Hi guys, Hope you are enjoying your vacation. I just finished organizing plottingYimin.R, and I believe the code is cleaner and more readable. I encapsulate the important calculations into some main functions, namely: plottingHelper, multiplotHelper and CIHelper. Your could treat them as blackbox and these three functions simply do all the calculation and plotting required. The code is absolutely clean to work with now, and you could check and modify them easily. I did not add detailed comments, but only brief ones, because I believe the code itself is self explanatory. Some important notes here: I output the plots into "~/Desktop/plots/", and you could change it by changing the parameter of function: plottingHelper, or simply do a substitution in .R file. Also, I didn't modify the dataframe (195, 197 to 180 stuff), but the code could be easily adapted to this change when needed. Generated eps files are in this github folder : plots/updatedVersion/. There will be some minor issues (e.g. tick marks, size of gaps, text on axis), and I will fix them in the future.

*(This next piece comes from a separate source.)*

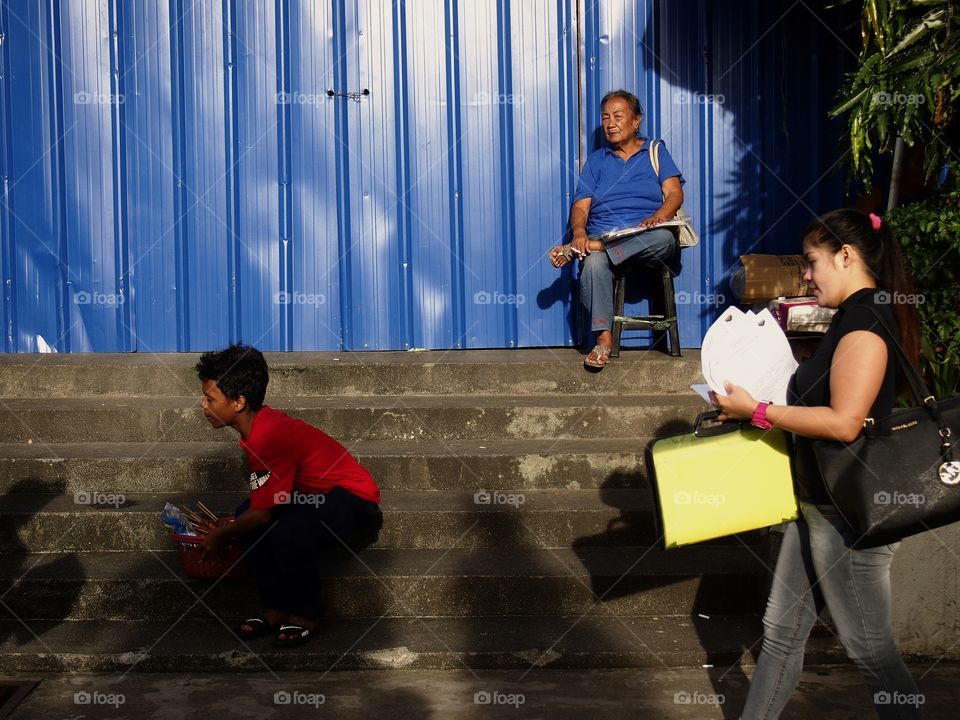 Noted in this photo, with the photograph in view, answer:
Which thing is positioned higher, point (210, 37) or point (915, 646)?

rainersachs commented 6 years ago

Happy new year!

Our main HG pod job spring semester 2018, which I outlined 7 days ago above, will be getting figures for, and then writing, a LSSR paper. The elegant code Yimin posted 5 days ago probably shows that no roadblocks remain in principle, so that we may be able to finish this job this semester by a lot of work on the details. I say "probably" because I cannot yet run the code on my computer to check, for a variety of reasons. But I think when Edward gets back we should be able to implement the key first step of the main HG pod job, making YinMin's code on GitHub the dominant master file and subordinating all other files to it. I wrote Edward a detailed plan for this.

Meanwhile I cooked up a more mathematical (and speculative) project that is completely independent of all other URAP projects to date and uses the theory of functions of a complex variable. Yimin said that he might work on the project sometimes as a break from programming the main HG project. I have just posted a .pdf file describing the first few steps. I am sending Yimin two auxiliary .docx files by email because I suspect you guys (like me at the moment) may not find .docx files on GitHub useful (let me know if you can do something with them and help me figure out how to do it).

Looking foeward to seeing you soon, Ray

rainersachs commented 6 years ago

Regarding the functions of a complex variable optional project here are a few further comments. Pretty much all I know about the project is in Section A5 of IEA_optional_complex variable_assignment.pdf that I put in the misc_materials GitHub folder yesterday. That section A5 contains the following.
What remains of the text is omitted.